Task goal
Go to the line that contains "PERSELOSO Hornkamm Mit". Restate that line and each one after it exactly, through the end of the records, without pictures.

Stored data
^^^^^^^^^^^^^^^^

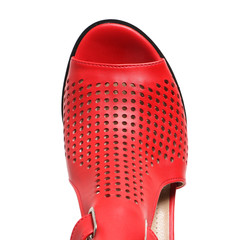 Women's leather platform shoes isolated on white background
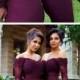 Sexy Mermaid Long Sleeve Lace Long Burgundy Bridesmaid Dresses With Small Train ,WG153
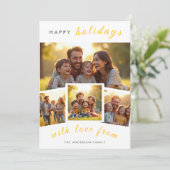 Happy Holidays | Minimalist Gold 4 Photo Collage H シーズンカード (スタンド正面)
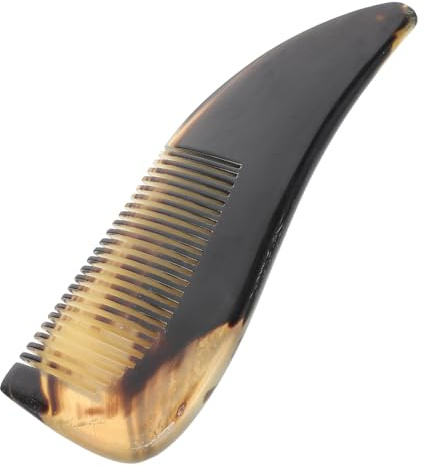 PERSELOSO Hornkamm Mit Griff Für Haarstyling Lockenkamm Aus Horn Für Damen Und Herren Kleiner Kamm Für Kopfhautmassage Und Haare Kämmen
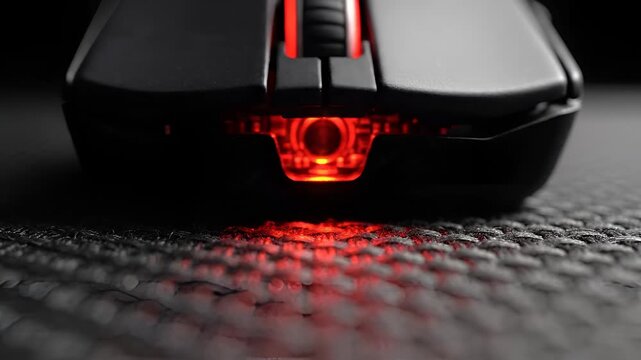 Closeup of a highperformance gaming mouse with glowing red LED lights.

^^^^^^^^^^^^^^^^

Output
 PERSELOSO Hornkamm Mit Griff Für Haarstyling Lockenkamm Aus Horn Für Damen Und Herren Kleiner Kamm Für Kopfhautmassage Und Haare Kämmen
 Closeup of a highperformance gaming mouse with glowing red LED lights.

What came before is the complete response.